Supplied entries
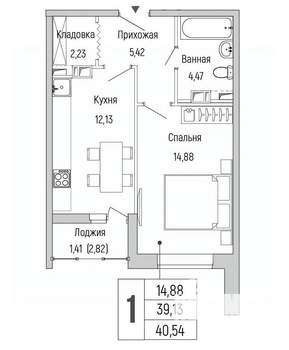 1-к квартира, вторичка, 41м2, 5/9 этаж
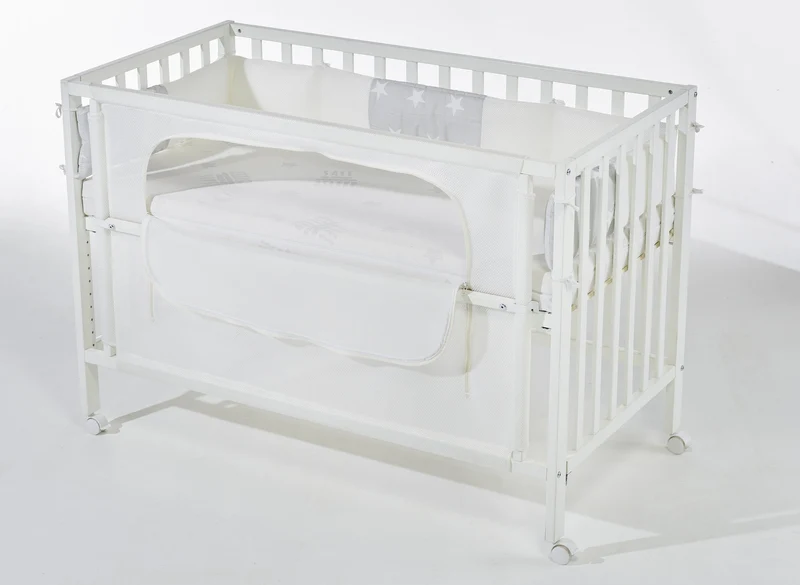 Room Bed "safe asleep® " – 60 x 120 cm, Beistellbett inkl. Ausstattung, "Sterne grau" weiß lackiert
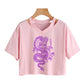 Gothic Streetwear Crop Top With Dragon
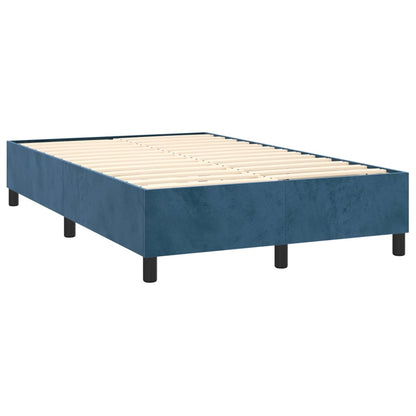 Box Spring Postel S Matrací A Led Tmavě Modrá Samet Tmavě Moddrá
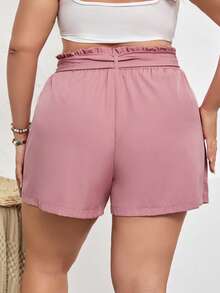 SHEIN VCAY 大碼紙袋腰附腰帶短褲 - 藕粉色 - 查看 2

Exercise
From the first line to the last, copy the listing above exactly and leave out the images.

Exercise result
 1-к квартира, вторичка, 41м2, 5/9 этаж
 Room Bed "safe asleep® " – 60 x 120 cm, Beistellbett inkl. Ausstattung, "Sterne grau" weiß lackiert
 Gothic Streetwear Crop Top With Dragon
 Box Spring Postel S Matrací A Led Tmavě Modrá Samet Tmavě Moddrá
 SHEIN VCAY 大碼紙袋腰附腰帶短褲 - 藕粉色 - 查看 2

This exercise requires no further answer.